__What to work on__. Render every line of the data exactly as written, and leave out the pictures.

__Data__.

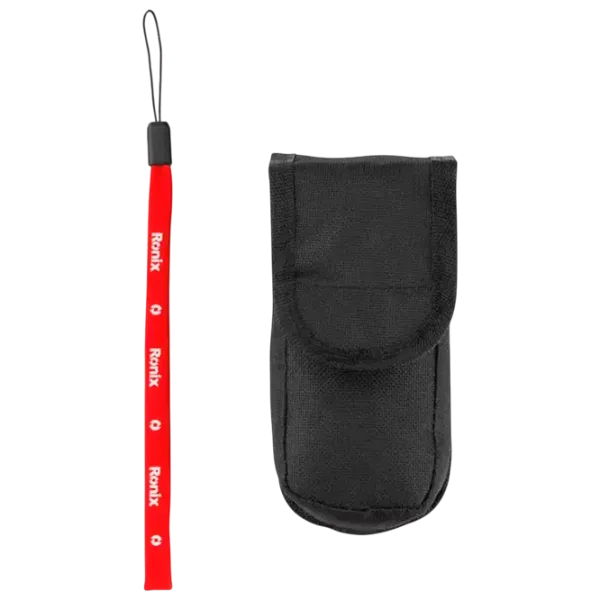 Телеметр Ronix RH-9353 Батарея /  photo 3 Телеметр Ronix RH-9353 Батарея /  photo 3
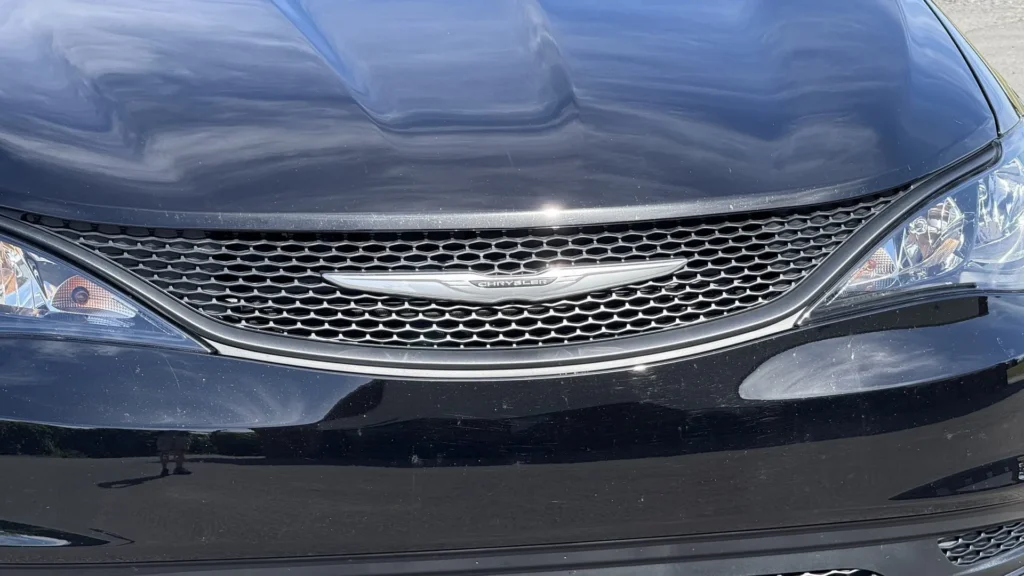 Chrysler Plots Comeback for 2026 With Revived SRT and Affordable New Lineup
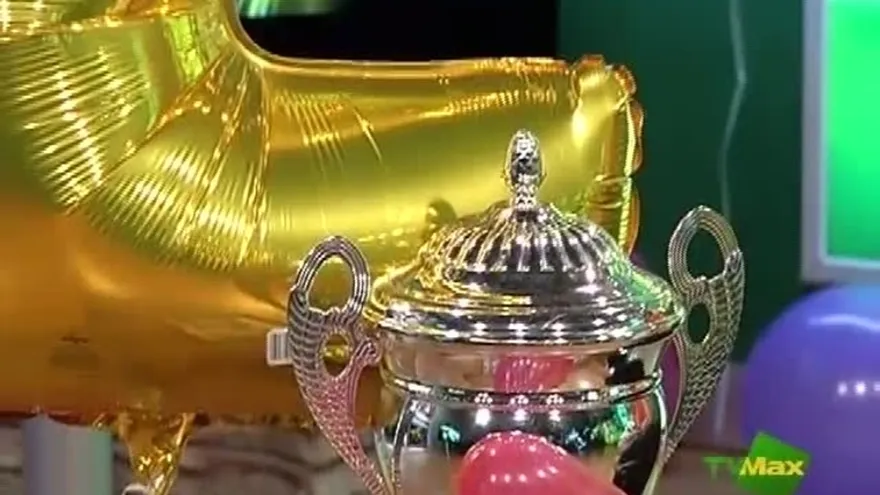 Minuto Final 04 de mayo del 2012 Parte 2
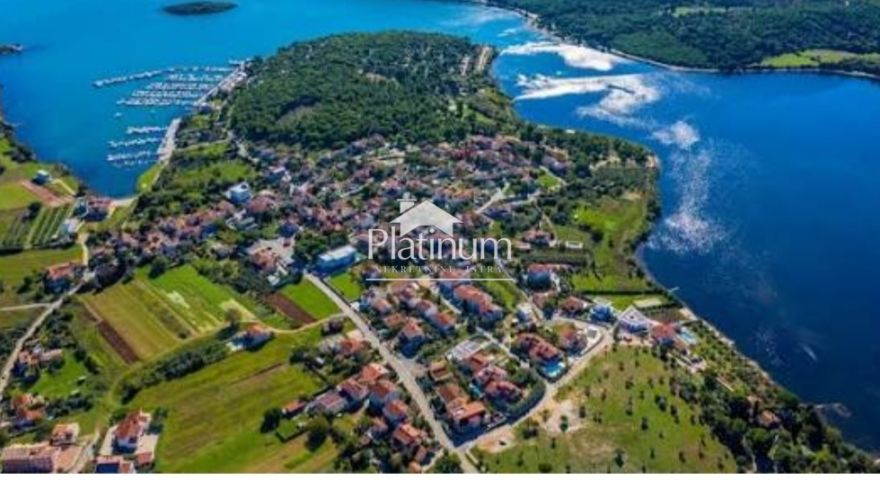 Istra,Pomer građevinsko zemljište u prodaji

__Exercise response__.
 Телеметр Ronix RH-9353 Батарея /  photo 3 Телеметр Ronix RH-9353 Батарея /  photo 3
 Chrysler Plots Comeback for 2026 With Revived SRT and Affordable New Lineup
 Minuto Final 04 de mayo del 2012 Parte 2
 Istra,Pomer građevinsko zemljište u prodaji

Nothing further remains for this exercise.